Ride like shit that'll solve your problem.


----------



## jimster716 (Feb 11, 2009)

Cross country skiing sounds more like your sport.

Seriously, cross country skiers can use what's called grip wax. Terrible waste of a Dark Series in my opinion but you keep on killing it softly.


----------



## snowklinger (Aug 30, 2011)

my buddy started waxing our boards last year and his roomate gave him some old wax laying around...turned out he learned the hard way it was cross country wax. he had to go sit in the lodge and get it all off. at the top of the hill he could literally not move. didnt help it was really cold that day too!


----------



## Kahanquest (Aug 24, 2011)

Haha ^ good story. I think Kwanzaa should just wax it up and figure it out. Time to take it to the next level. Speed checks are part of the game until you double up on those rollers. If you like pointing through tight spaces and taking on bumps then you can handle more of the board has to offer. It's not really going to slip out under your feet. Think of everything getting smoother. I waited a while before I got my first tune up. Roll with what you've got or step it up! It's a new season!!!

Saw this at BANFF 'radical reels' 
Cross Country Snowboarding - YouTube

Edit: started writing this before I saw you submit wolf. On the same page. I feel on the same page, eerily after I came back to this thread. The fact kwanzaa has a nice board not being used at 100% means he will only grow into it's potential.


----------



## Kwanzaa (Sep 4, 2011)

Yeah i have no problem going fast when i have room to turn. I ride through tight, sometimes steep glades where there isnt any room to slow down, im talking like 2-4 foot wide paths with a solid bank of tree's on each side, and sharp turns. if you go off the path your going to slam into a thick branch or tree. and thats my problem, im trying to minimize my speed. when i was riding with my old unwaxed board i was able to outride my friends who have been riding 5-15 years. I figure if i wax the board im going to be going beyond my ability and hit another tree, i've already got a spinal compression, i dont feel like dealing with more problems. I'm not saying i want to cover the board in tree sap so it doesn't move.

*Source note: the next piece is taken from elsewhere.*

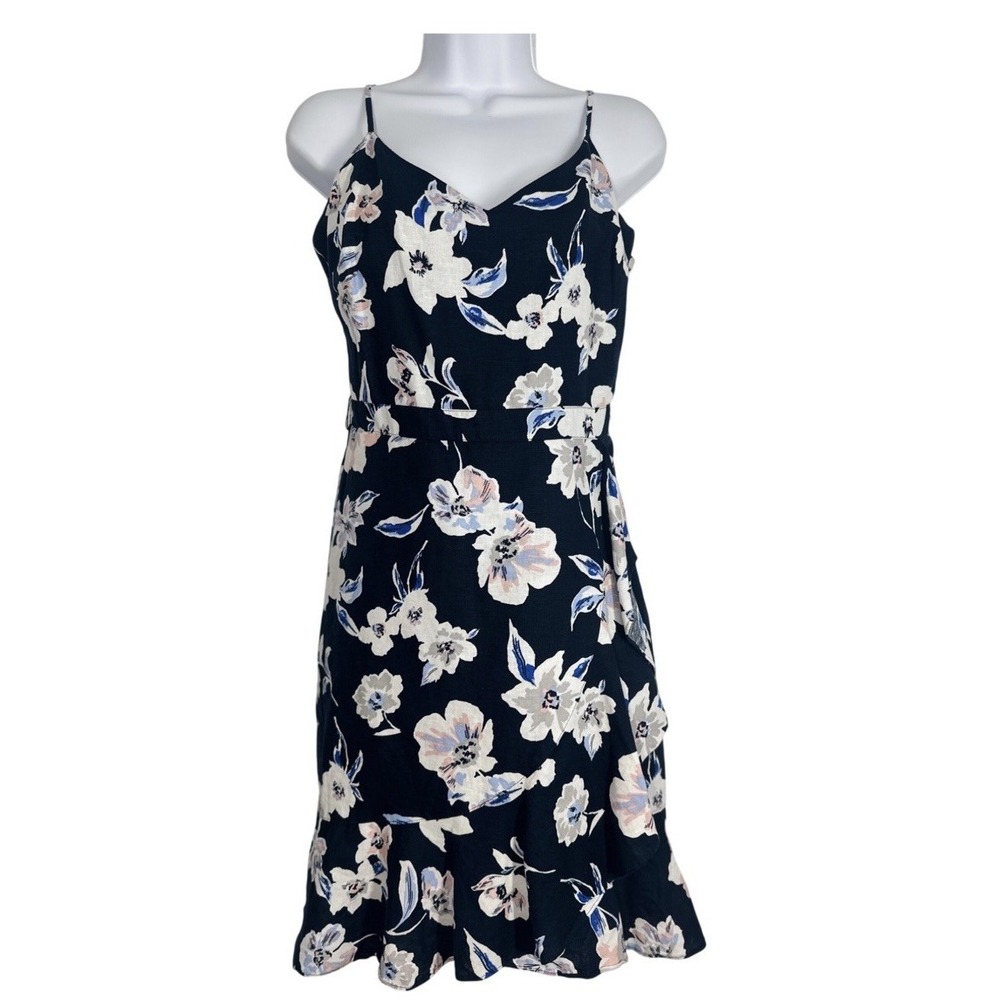 Banana Republic Women's Navy Sz: 4 Faux Wrap Floral Cotton Linen Dress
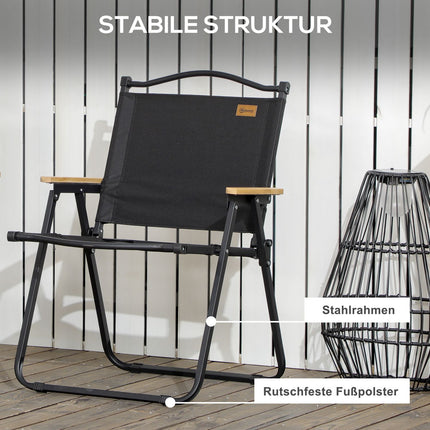 Set of 2 folding camping chairs, black steel frame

I just mean a protective surface that will offer similar characteristics of a unwaxed board.

as for the cross country snowboarding, im more into Segway Jousting


----------



## wrathfuldeity (Oct 5, 2007)

take a belt sander with 60 grit to the base and don't wax


----------



## fattrav (Feb 21, 2009)

wrathfuldeity said:


> take a belt sander with 60 grit to the base and don't wax


Like this, but sand sideways for added friction. Really, this thread bemuses me, I you were going to do that, i'd recommend that OP should buy a cheap board with a crappy base on it and ride that.


----------



## 509-pow (Feb 22, 2011)

how about trading someone boards. haha hit me up.


----------



## Kahanquest (Aug 24, 2011)

Try using the opposite wax for your conditions. Cold wax for warm snow will make you slow. Warm wax for cold snow. I would read up on some examples of this because on really cold, dry snow the warm wax will just stop you. On ice it will just scrape off. Cold vs. hard waxes? Make sure you know what's up, or it will take plenty of wasted time getting the wax off. 

Also agree about getting a different board. Extruded base and more for what you need in those conditions. Even though you should be fine with what you have.


----------



## Kahanquest (Aug 24, 2011)

I agree that the wax would only be an option under extreme experimentation, and even then it's useless help to the fundamental issue. But I also don't know the terrain in question, I could understand wanting something to fit the terrain perfectly, but reducing board performance seems to be the last place to look. It's usually more about the rider. 

Still. You should be able to do whatever you want, lame or wrong, as long as you are aware of your intentions. Just buy something cheap to play with. Pawn shop or something!

Can't wait for the first wax on my Bataleon Omni. Freeeeedom is near.


----------



## walove (May 1, 2009)

I agree its all about riding technique, when trying to noodle your way through the tightest of spots.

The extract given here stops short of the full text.